##### INFORMATION SUPPLIED

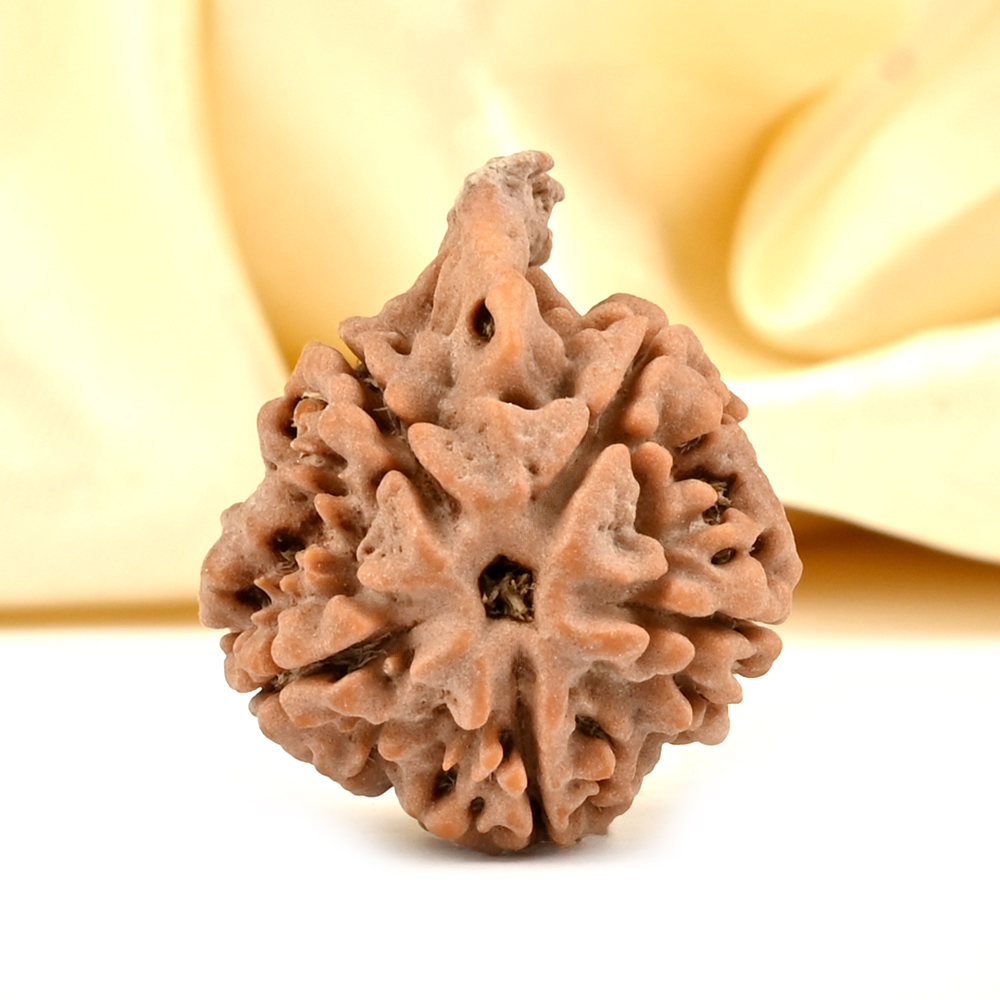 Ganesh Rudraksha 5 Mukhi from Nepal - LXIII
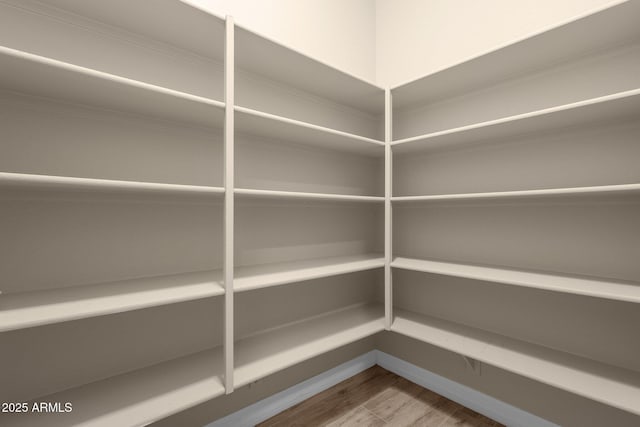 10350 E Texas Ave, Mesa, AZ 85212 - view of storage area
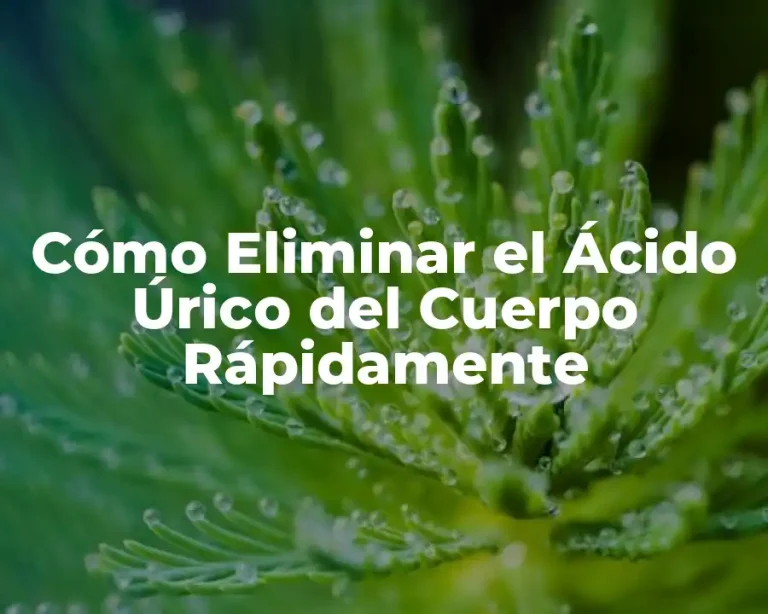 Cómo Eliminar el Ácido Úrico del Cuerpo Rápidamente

##########

- _YOUR OBJECTIVE_: Omit all pictures, and repeat exactly the lines from the line containing "10350 E Texas" through the end of the data.

- _RESULT OF THE TASK_:
 10350 E Texas Ave, Mesa, AZ 85212 - view of storage area
 Cómo Eliminar el Ácido Úrico del Cuerpo Rápidamente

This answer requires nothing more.